February 25th arrives. Mom, dad, my friend Kenny (D’oh, I mean Ryan), and myself pile into the van and begin our trek to the metropolis of Reno, Nevada. The convention is being held at the downtown Hilton and not at one of the airport convention centers. Folks who have been to Sci-Fi conventions (and you know who you are) know this to be a big deal! This was to be a two day Trek fest of epic proportions. Attending: Scotty, Sulu, Uhura (ah yea), Data, and the luscious (and panty free) Counselor Troi. I’m in nirvana. I’m buying books, cast photos, props, blueprints, and a pair of Spock ears. This would later prove to
be a huge mistake. Being swept in a wave of Geeky passion I put the ears on. Then I see them. The local channel 6 news crew. As I said, this was a fairly large convention and they smelled a potential story. As I was apparently driven insane by the Ploc-Towe I lock eyes with the reporter. I stride towards him, grinning like a fool. I raise my hand in the “split V” position with ears proudly pointed and yell:
“YEEEEEEEEEEAAAAAAAAAAA TREK RULES WOOOOOOOOOOOOOOOOO”
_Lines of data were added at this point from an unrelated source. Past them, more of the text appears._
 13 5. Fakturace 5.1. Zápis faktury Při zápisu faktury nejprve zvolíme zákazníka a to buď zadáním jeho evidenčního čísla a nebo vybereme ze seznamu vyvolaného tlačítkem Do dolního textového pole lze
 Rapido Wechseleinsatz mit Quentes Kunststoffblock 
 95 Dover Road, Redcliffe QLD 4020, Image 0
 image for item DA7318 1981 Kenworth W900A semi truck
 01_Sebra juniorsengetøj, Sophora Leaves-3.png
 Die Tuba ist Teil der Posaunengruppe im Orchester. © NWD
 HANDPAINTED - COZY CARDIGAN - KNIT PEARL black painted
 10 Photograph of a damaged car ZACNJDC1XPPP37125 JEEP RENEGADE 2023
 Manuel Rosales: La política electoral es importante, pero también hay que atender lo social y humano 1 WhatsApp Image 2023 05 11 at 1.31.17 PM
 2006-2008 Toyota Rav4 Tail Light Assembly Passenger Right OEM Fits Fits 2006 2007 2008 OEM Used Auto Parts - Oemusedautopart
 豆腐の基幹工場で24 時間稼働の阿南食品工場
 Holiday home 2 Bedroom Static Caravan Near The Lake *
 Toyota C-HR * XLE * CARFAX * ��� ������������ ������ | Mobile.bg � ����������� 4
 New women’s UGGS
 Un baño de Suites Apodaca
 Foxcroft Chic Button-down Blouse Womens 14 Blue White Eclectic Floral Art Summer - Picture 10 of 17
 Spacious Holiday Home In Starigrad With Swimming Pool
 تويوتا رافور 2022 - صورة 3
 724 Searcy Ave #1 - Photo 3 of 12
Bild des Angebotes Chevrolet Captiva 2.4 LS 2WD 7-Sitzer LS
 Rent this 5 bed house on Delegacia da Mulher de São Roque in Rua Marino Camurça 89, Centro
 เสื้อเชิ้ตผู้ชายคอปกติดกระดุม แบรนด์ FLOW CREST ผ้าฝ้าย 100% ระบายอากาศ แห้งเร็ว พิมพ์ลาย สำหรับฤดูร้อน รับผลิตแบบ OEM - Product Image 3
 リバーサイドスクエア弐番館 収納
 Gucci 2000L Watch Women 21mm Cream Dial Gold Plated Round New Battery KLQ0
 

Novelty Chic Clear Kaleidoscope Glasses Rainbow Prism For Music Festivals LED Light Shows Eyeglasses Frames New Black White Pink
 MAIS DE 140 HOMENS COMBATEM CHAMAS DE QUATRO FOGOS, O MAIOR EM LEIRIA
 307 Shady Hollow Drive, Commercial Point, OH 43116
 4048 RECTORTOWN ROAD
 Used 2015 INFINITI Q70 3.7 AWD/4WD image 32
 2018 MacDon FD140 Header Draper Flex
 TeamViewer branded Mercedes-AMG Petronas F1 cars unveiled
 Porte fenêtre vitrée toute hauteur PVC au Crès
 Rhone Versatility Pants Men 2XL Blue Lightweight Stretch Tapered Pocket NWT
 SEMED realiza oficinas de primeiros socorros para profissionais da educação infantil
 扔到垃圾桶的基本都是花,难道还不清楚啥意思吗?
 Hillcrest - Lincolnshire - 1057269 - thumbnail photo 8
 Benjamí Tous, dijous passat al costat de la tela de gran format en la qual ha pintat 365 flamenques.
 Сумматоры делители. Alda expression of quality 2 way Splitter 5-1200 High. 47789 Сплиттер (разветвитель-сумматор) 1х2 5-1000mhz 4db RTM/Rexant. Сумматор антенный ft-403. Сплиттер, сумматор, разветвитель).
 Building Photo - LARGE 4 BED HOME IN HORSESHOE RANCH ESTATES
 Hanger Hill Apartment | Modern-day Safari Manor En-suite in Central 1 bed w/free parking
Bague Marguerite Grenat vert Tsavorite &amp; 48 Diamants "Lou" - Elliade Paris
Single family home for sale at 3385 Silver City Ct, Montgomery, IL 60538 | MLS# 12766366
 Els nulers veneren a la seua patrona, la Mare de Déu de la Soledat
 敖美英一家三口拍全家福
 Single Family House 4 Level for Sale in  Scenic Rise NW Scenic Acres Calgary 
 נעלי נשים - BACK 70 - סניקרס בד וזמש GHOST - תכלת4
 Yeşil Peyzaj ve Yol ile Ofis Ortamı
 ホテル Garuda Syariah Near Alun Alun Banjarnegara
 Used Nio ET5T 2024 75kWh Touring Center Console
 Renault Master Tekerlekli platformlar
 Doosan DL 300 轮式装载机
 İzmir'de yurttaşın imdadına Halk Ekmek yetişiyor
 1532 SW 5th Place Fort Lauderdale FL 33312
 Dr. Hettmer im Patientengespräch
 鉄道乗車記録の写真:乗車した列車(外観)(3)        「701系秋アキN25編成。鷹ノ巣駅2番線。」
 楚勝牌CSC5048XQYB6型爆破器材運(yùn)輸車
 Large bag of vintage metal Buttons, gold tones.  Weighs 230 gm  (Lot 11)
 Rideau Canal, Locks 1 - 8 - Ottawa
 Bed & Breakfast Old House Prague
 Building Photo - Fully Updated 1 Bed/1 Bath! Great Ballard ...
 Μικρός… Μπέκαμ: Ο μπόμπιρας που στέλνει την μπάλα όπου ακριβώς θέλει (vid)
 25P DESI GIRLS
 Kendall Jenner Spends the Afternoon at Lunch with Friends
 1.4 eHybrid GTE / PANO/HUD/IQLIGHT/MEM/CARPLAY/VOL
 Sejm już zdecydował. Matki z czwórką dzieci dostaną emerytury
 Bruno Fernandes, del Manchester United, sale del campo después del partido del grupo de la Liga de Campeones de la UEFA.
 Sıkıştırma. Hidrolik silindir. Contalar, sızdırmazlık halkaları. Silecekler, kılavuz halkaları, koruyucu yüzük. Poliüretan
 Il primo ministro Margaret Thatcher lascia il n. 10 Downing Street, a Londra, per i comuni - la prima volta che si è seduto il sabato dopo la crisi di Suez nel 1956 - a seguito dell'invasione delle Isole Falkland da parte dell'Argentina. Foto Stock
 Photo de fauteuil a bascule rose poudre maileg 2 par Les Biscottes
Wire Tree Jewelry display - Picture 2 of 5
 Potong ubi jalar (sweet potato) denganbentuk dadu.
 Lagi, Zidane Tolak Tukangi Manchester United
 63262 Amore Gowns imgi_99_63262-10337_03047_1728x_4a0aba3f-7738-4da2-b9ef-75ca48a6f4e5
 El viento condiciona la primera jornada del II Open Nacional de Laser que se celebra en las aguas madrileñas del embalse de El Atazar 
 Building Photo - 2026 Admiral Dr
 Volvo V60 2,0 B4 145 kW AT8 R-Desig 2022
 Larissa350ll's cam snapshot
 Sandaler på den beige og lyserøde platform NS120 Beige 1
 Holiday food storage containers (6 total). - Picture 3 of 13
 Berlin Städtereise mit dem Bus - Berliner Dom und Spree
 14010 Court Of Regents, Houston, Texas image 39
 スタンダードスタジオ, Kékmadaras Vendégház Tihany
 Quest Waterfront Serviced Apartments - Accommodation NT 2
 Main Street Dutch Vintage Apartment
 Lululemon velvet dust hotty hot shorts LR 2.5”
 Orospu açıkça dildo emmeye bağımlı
I moved along and went back to my convention. The con came to an end. We drove home, the van bursting with Geeky swag. That night I slept well and dreamed of high adventure in the final frontier.
Then came the next day…
See, I didn’t catch the evening news the night before. If I had, I would have called in dead and begged my parents to transfer me back to that Baptist school up the hill. Even that oppressive place would have been better then the fate I was going to face. They started the minute I entered the hall. There was laughter and stares. Shouts of “dork”, “nerd”, and the ever easy red-neck fallback “fag”… I did think “Spock fucker” was clever. Even some of my fellow Geeks (no doubt trying to climb the pecking ladder) chimed in with the taunts. Then something odd happened. I began to notice so called “normals” using terms and gestures that only fans would know. Hell, some were even (mockingly) making the “live long and prosper” gesture, and believe me, that takes some practice to pull off. Well screw those buggers! They knew a little too much to be mocking me!
I went on the offensive. I reveled in my Geekdom. Like Frankenstein’s monster, I would become everything they assumed I was. Looking back it was the greatest thing I could have done. I was free to do as I wished. My Geekiness became a badge of honor. It didn’t matter if I came to school in a kilt, or only spoke Drow with my friends, or did my best Gary Oldman all day long. I was creatively free. Course, these actions killed my love life and forced me to only date theater girls, which we all know turned out to be a very, very good thing.
And now? I’m still living the OG life (?das Original Geeksta’) and those tools from high school are asking my mom is she wants regular or premium gas in her truck. Excellent.